Image-text web data:
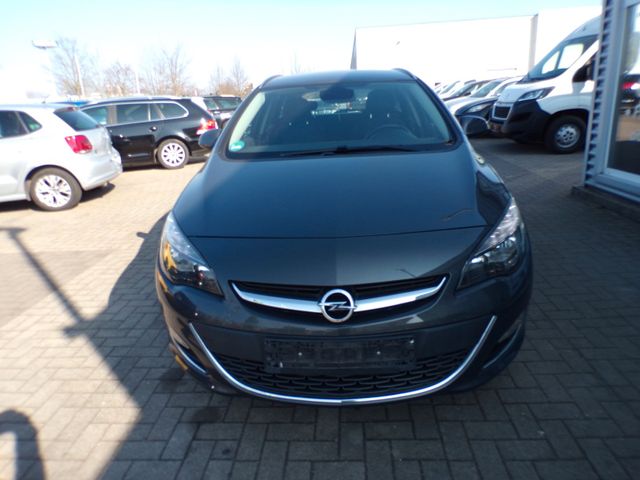 Opel Astra J Sports Tourer Exklusiv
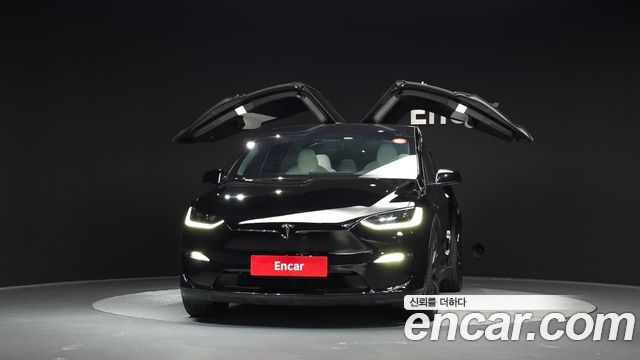 Tesla Model X Plaid 2023 — фото 3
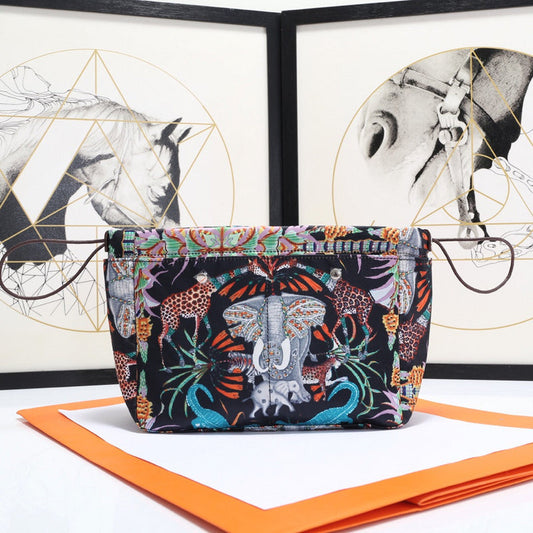 Luxurious Totes - Latest - 6730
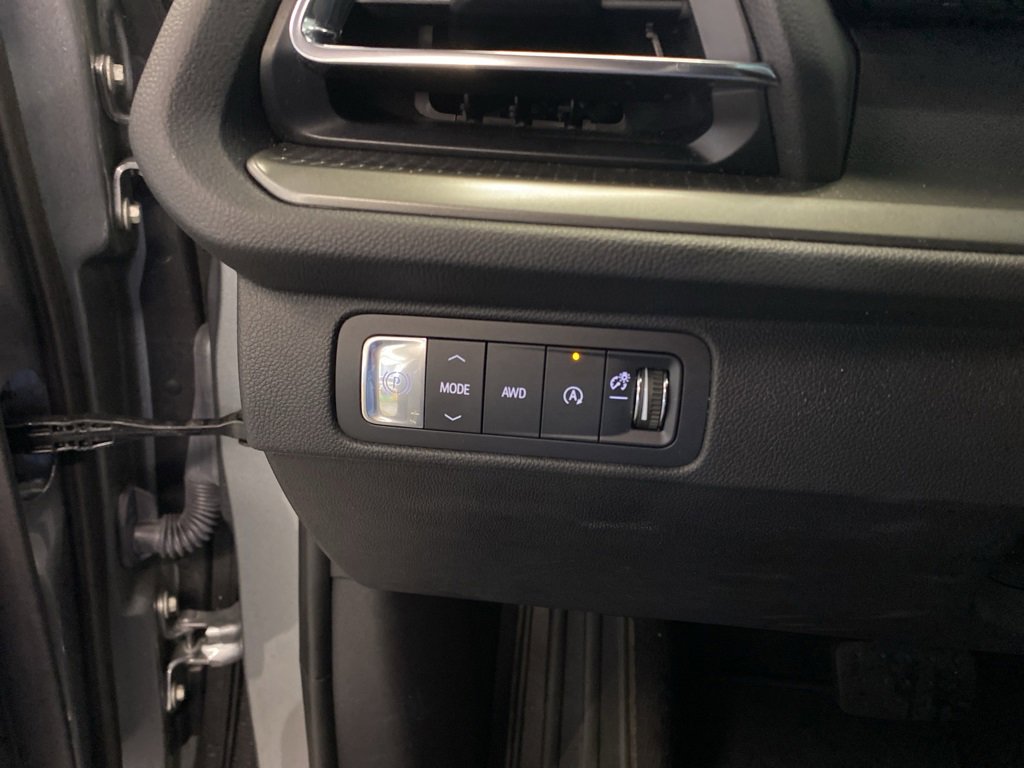 Used 2025 Chevrolet Traverse LT image 23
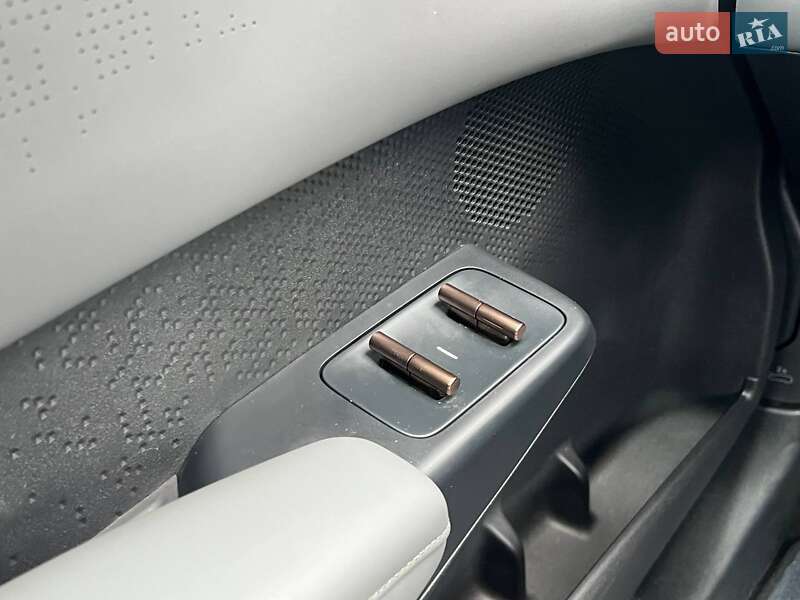 Позашляховик / Кросовер Zeekr X 2023 в Львові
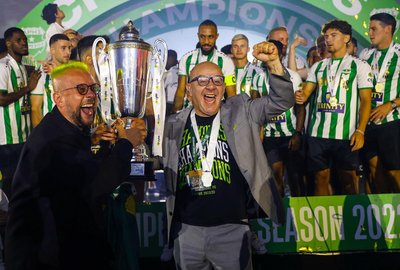 „Арис“ в 2023 году впервые стал чемпионом страны, обошел АПОЭЛЬ на три очка. Клуб базируется в Лимасоле, играет на 10-тысячной арене „Альфамега“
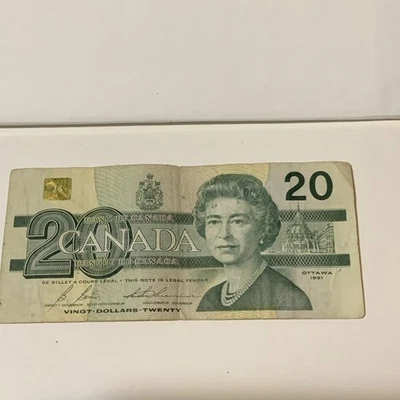 Billete de $20 Canadá 1991 Ottawa Queen Elizabeth serie circulada # ESV5183891 Foto 1 de 4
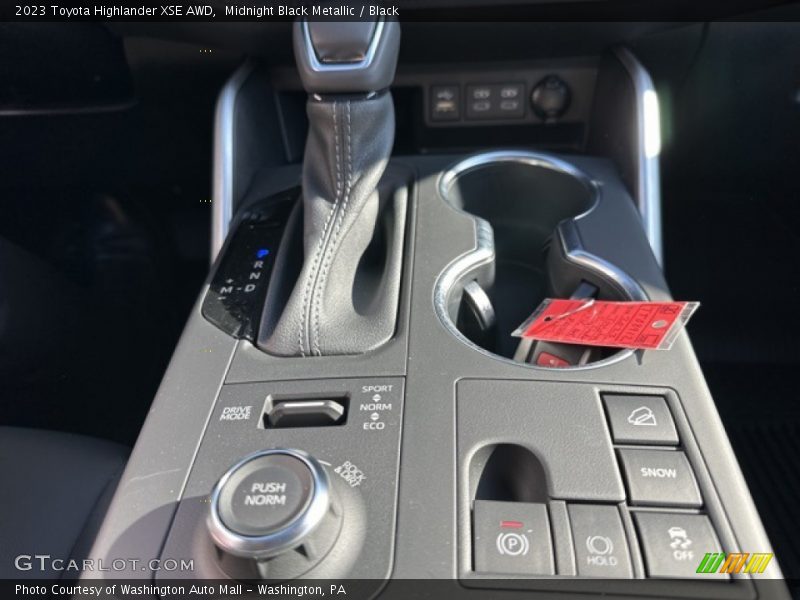 Midnight Black Metallic / Black 2023 Toyota Highlander XSE AWD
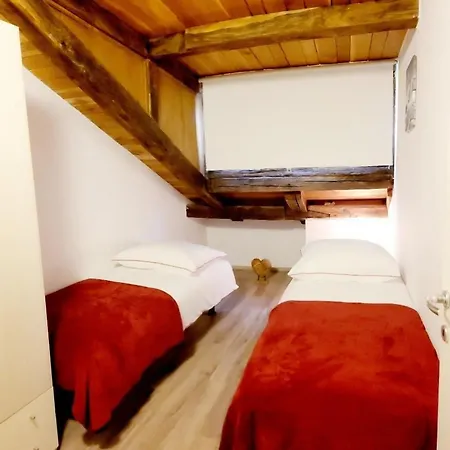 Sofia With Roof Terrace And Sea View In Apartment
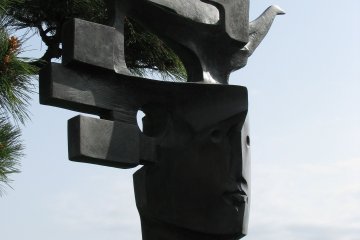Unique sculptures of Ito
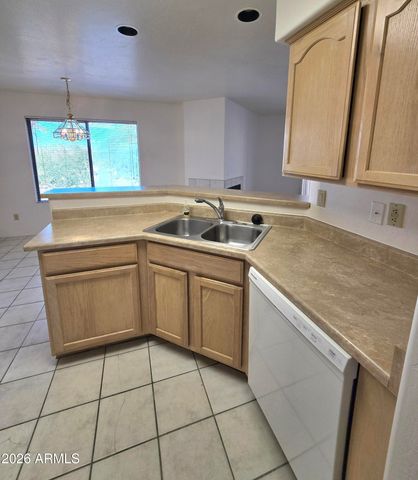 16715 E EL LAGO Boulevard 211, Fountain Hills, AZ 85268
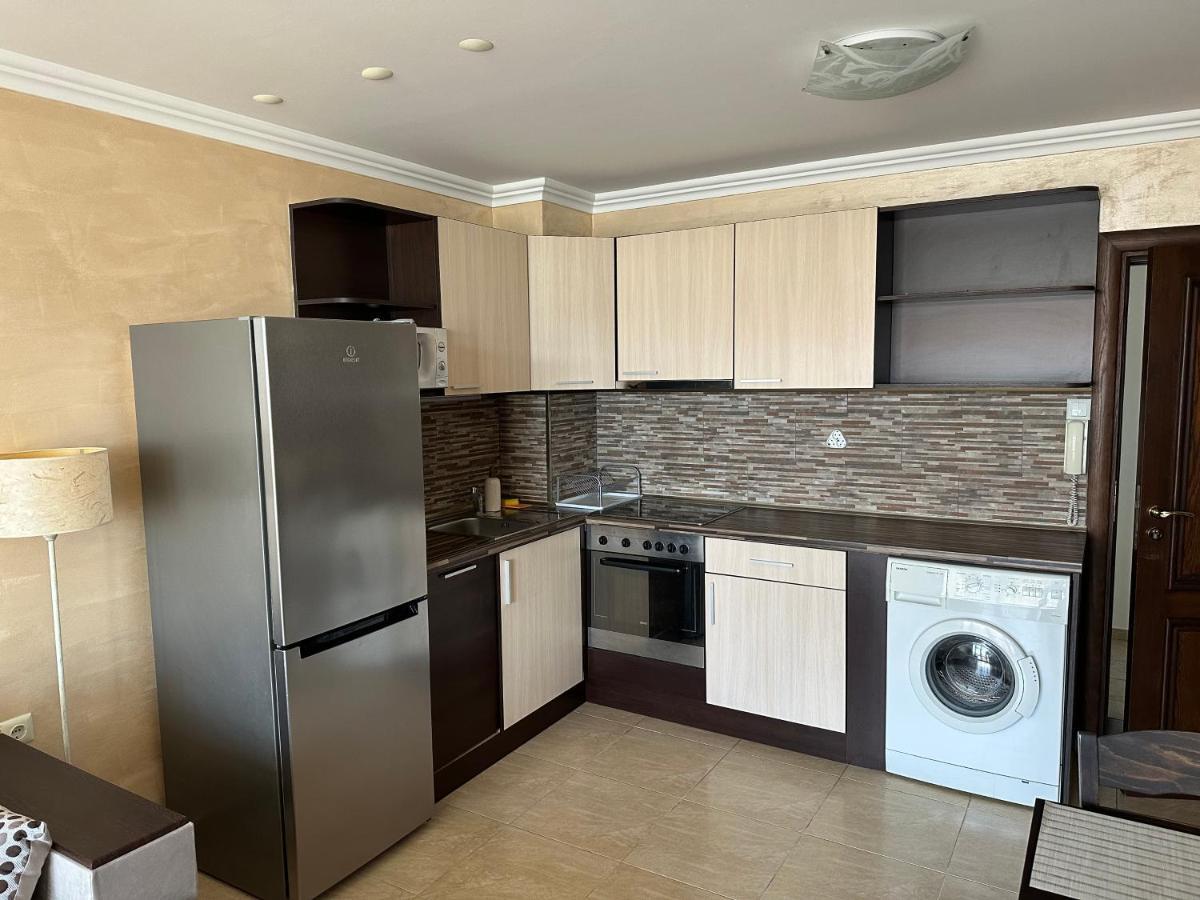 Bademite Apartments Sveti Vlas Exterior photo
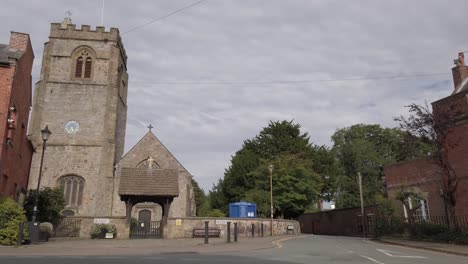 Kleine-Kirche-Im-Dorf-Wales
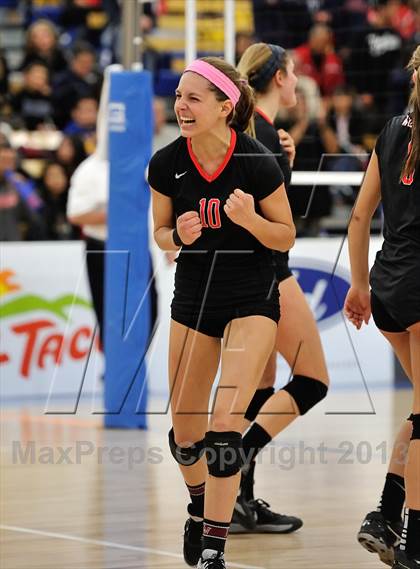 Thumbnail 2 in La Salle vs Harvard Westlake (CIF SS D1A Final) photogallery.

| Directions for this task |
Retype only the lines above from the one with "Kleine-Kirche-Im-Dorf-Wales" through the last, both ends included, keeping every picture out of the copy.

| Exercise solution |
 Kleine-Kirche-Im-Dorf-Wales
 Thumbnail 2 in La Salle vs Harvard Westlake (CIF SS D1A Final) photogallery.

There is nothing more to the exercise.